Write down the lines exactly as they appear, from the one that contains "Econyl Satin Nylon Stadium Jacket - Vault" through the final line of the records, so that both ends are kept and no pictures come along.

Collected data entries:
* * *
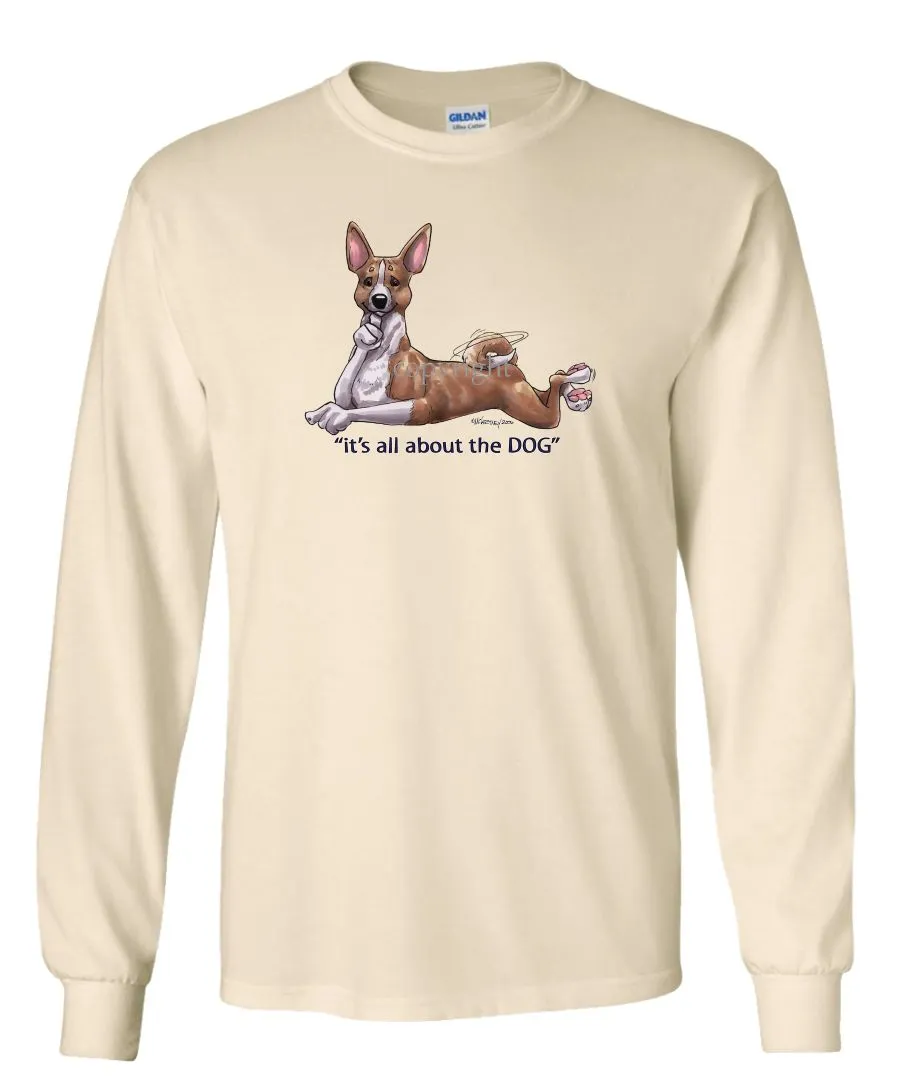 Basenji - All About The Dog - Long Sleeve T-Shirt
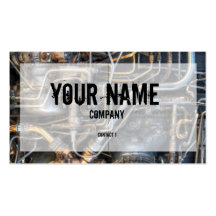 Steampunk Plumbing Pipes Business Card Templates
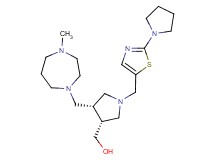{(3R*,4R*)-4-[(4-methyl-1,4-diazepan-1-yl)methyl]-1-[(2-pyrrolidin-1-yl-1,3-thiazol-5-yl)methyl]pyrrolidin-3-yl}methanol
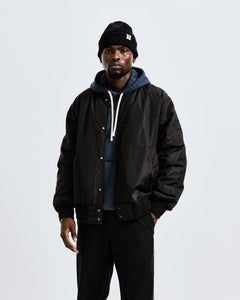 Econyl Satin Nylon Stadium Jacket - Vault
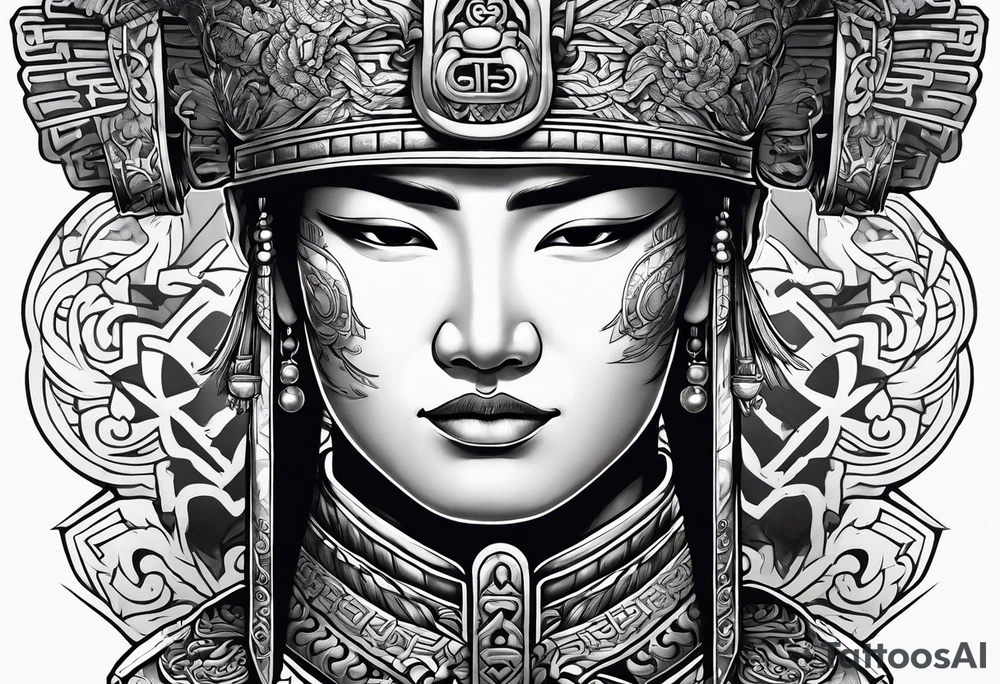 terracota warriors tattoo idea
* * *
• _SOLVED PROBLEM_:
 Econyl Satin Nylon Stadium Jacket - Vault
 terracota warriors tattoo idea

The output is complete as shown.